Author Shyam Selvadurai would say it raises no expectations.

And editor for Mira Books, Paula Eykelhof, wouldn’t feel compelled to read on. So what does make for a good beginning?

In short fiction and magazine features, who, what, where, when and why are standard questions that must be answered up front.

“Use the W5 paragraph to do the character development,” Gontard suggested.

For instance: I dropped to my knees in the Shrine to the Madonna, thankful to be off my feet after trekking 45 kilometres in 30-degree heat on the Jacobsweg Pilgrimage Trail.

In the beginning, it’s important to “establish character early and keep the focus on the main character,” said Gontard. “Then, write an easy-to-follow narrative.”

Shyam Selvadurai, a guest speaker at the Yukon Writers’ Festival, teaches creative writing at York University.

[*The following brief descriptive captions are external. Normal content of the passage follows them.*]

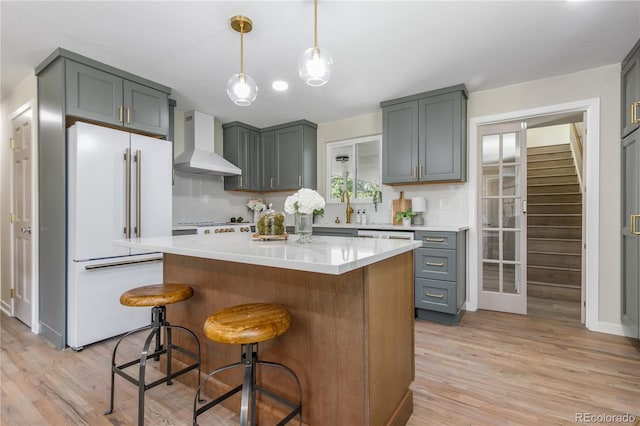 1120 Hartford Dr, Boulder, CO 80305 - kitchen with wall chimney range hood, high end fridge, light wood finished floors, and light countertops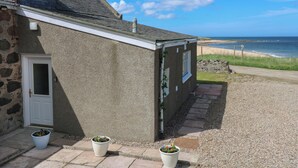 A coastal house with a stone facade, a gravel driveway, and a view of the sea. - Bella's Beach Cottage (Fraserburgh)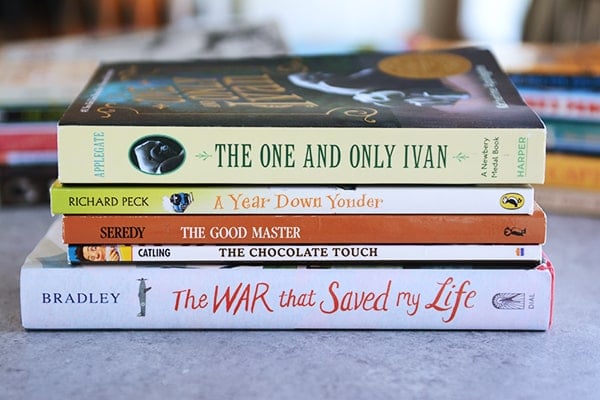 A stack of books on a kitchen counter.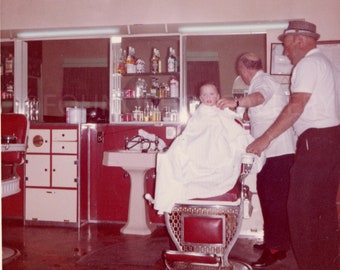 Rosy Cheeked Boy With Dad Getting First Haircut in Red Chair at Barbershop, Vintage Photo, Color Snapshot, Feb 1964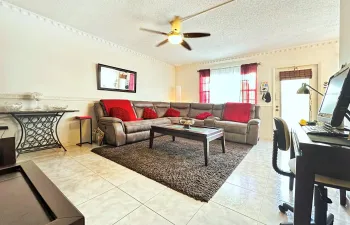 Furnished Spacious Living Area W/ Crown Molding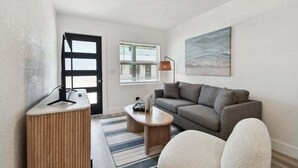A modern living room with a sofa, a coffee table, a side table, and a painting on the wall. - New Treasure Island Gem - Unit 3 (Treasure Island)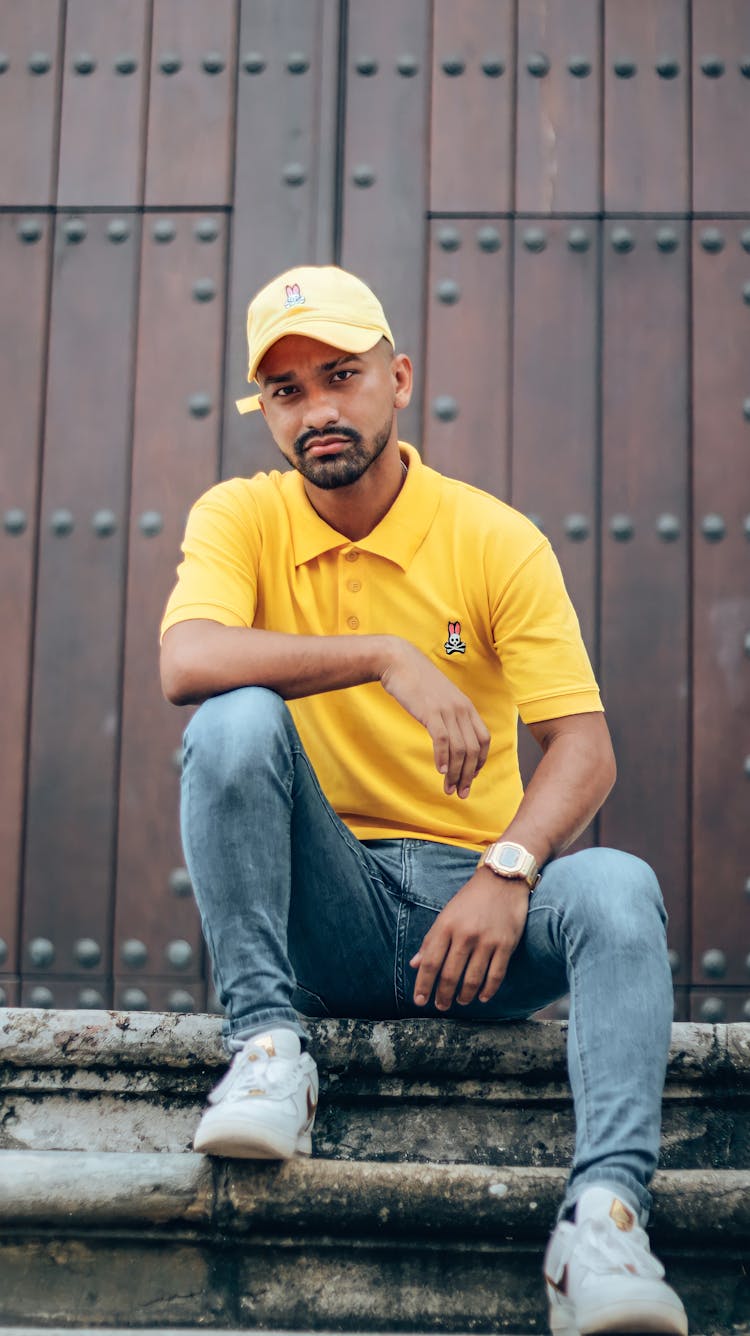 Man In Yellow Polo Shirt And Yellow Cap Sitting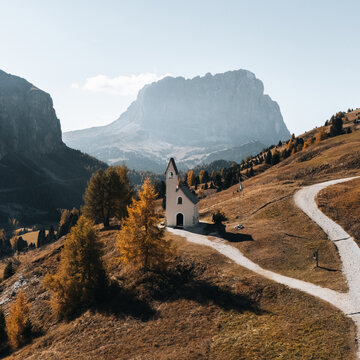 Aerial view of Cappella di San Maurizio surrounded by golden autumn trees and the majestic rocky peaks of the Dolomites in Selva di Val Gardena, Trentino-Alto Adige, Italy.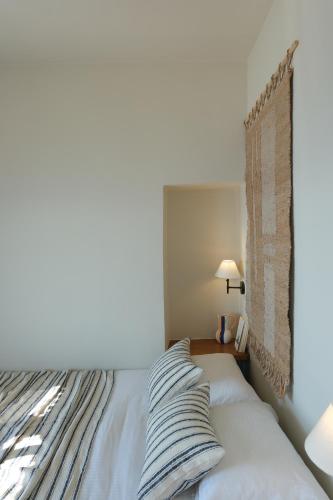 a bed with two pillows on it in a bedroom at Mnimes Guesthouses Santorini in Fira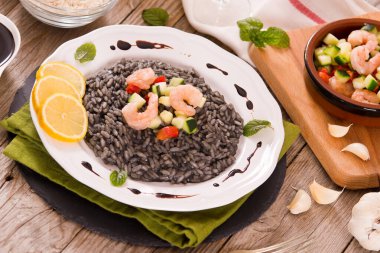 Beyaz tabakta sebzeli mürekkep balığı pilavı..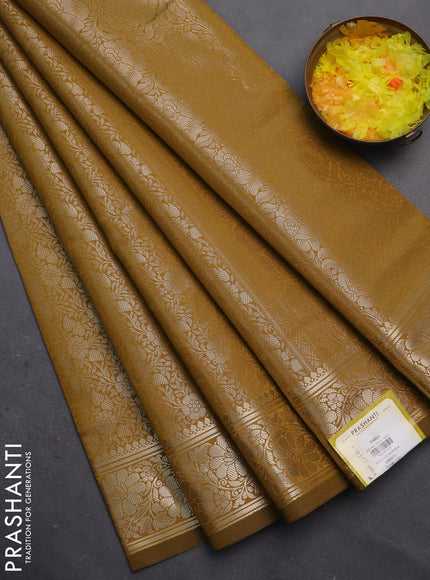 Semi soft silk saree mustard shade with allover zari woven brocade weaves -Without blouse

Story beginnings “create narrative and initiate the story – sets an event in motion.

“Openings must raise questions.” He adds, “Don’t miss opportunities to paint a clear sense of everyone.” For example, if a character unties their shoes, are they sturdy leather boots or high-tech sport shoes?

A good beginning not only engages the reader, but it can also help a writer get back into a stalled story. When Selvadurai has trouble staying motivated to continue a story, he puts it aside for a while and then reads and re-works it from the beginning.

“It helps me re-engage into the story and work further into it.”

Paula Eykelhof, who specializes in single-release women’s fiction, would add that, in reviewing material, writers should “honestly and objectively answer this question: Do I want to keep on reading?”

During the Yukon Writers Conference, she gave local writers a few questions to consider.

Primarily, “Are you starting with an important change or catalyst that sets the story in motion?”

Like so: Take, for example, my return to the Pyrenees. All my 53 years had been hardscrabble, hectic and aimless, until today.

This makes the reader curious to know why today is different and what happened on the pilgrimage to give my aimless life direction. Along with introducing a major character, said Eykelhof, the opening should compel the reader to make a strong emotional connection to the story.

She also asks, “Are you including all the necessary information?” If there’s too little, the story becomes obscure and the reader becomes irritated. If there is more backstory than necessary, the past overwhelms the present.

Eykelhof expects the tone to be in keeping with the rest of the story. She wouldn’t expect a dark tone for a comedy unless the work is a black comedy, in which case the tone would grab exactly the right audience.

Once your beginning has hooked your reader, Eykelhof said, “meet the expectations you’ve raised and convey your story with integrity”.